O grande desfile militar realizado em Pequim mostrou ao mundo o poderio chinês em sua forma mais visível — mísseis, drones e robôs —, mas também expôs o que há de mais estratégico em sua doutrina: a fusão entre inovação tecnológica e poder bélico. A mensagem foi clara: a supremacia militar do século XXI se definirá não pela força bruta, mas pelo domínio do software que coordena cada operação.

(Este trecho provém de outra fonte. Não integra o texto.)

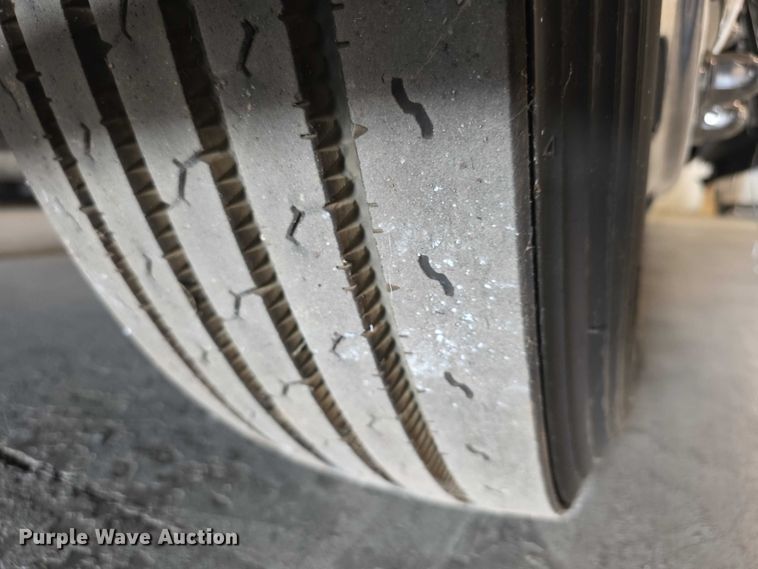 image for item FI0635 2004 Fleetwood Revolution RV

Entre a dissuasão nuclear e a inteligência artificial
Pela primeira vez, a China exibiu publicamente os três pilares de sua tríade nuclear: mísseis de lançamento terrestre como os DF-31BJ e DF-5C, projéteis balísticos disparados de submarinos como o JL-3 e mísseis aéreos associados ao bombardeiro H-6N. A exibição buscou enviar um recado de dissuasão global. Ainda assim, a narrativa oficial insistiu: esses armamentos não são nada sem o sistema invisível que os sustenta — o software que garante sua coordenação e eficácia.

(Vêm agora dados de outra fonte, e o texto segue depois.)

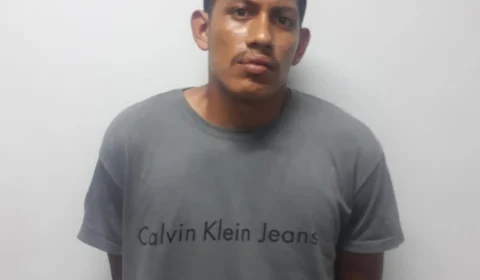 Foragido da Justiça é preso após uma abordagem em um microônibus em Manaus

Robôs, drones e guerra gerida por código
Entre as novidades estavam lobos-robô de 70 quilos para reconhecimento e combate, drones furtivos de ataque que acompanham caças tripulados e submarinos autônomos capazes de patrulhar mares inteiros sem intervenção humana. Essas inovações só são possíveis graças ao ecossistema de inteligência artificial no qual a China investe pesadamente. Um dado simbólico: 85% dos contratos de IA militar foram concedidos a universidades e empresas privadas, mostrando como Pequim aposta em uma fusão entre o setor civil e o militar.

Um novo modelo de comando
Mais do que modernizar a logística, a aposta chinesa busca reduzir a dependência da tomada de decisão humana. A estratégia é permitir que algoritmos analisem cenários e executem respostas em nanosegundos, diminuindo a necessidade de autorizações em cadeia. Assim, a tradicional hierarquia rígida do Exército Popular de Libertação dá espaço a um sistema mais autônomo, no qual a IA não apenas auxilia, mas decide.
A verdadeira face do poder
O desfile, que marcou a lembrança do fim da Segunda Guerra Mundial, serviu também como demonstração de ambições globais. Os mísseis capazes de cruzar 15.000 quilômetros impressionaram, mas o mais inquietante foi o recado implícito: o futuro da guerra está no ciberespaço e nos softwares autônomos.
Pequim quer deixar claro que tanques e foguetes são apenas a vitrine. O verdadeiro campo de batalha será o código — e a China pretende estar na dianteira dessa transformação.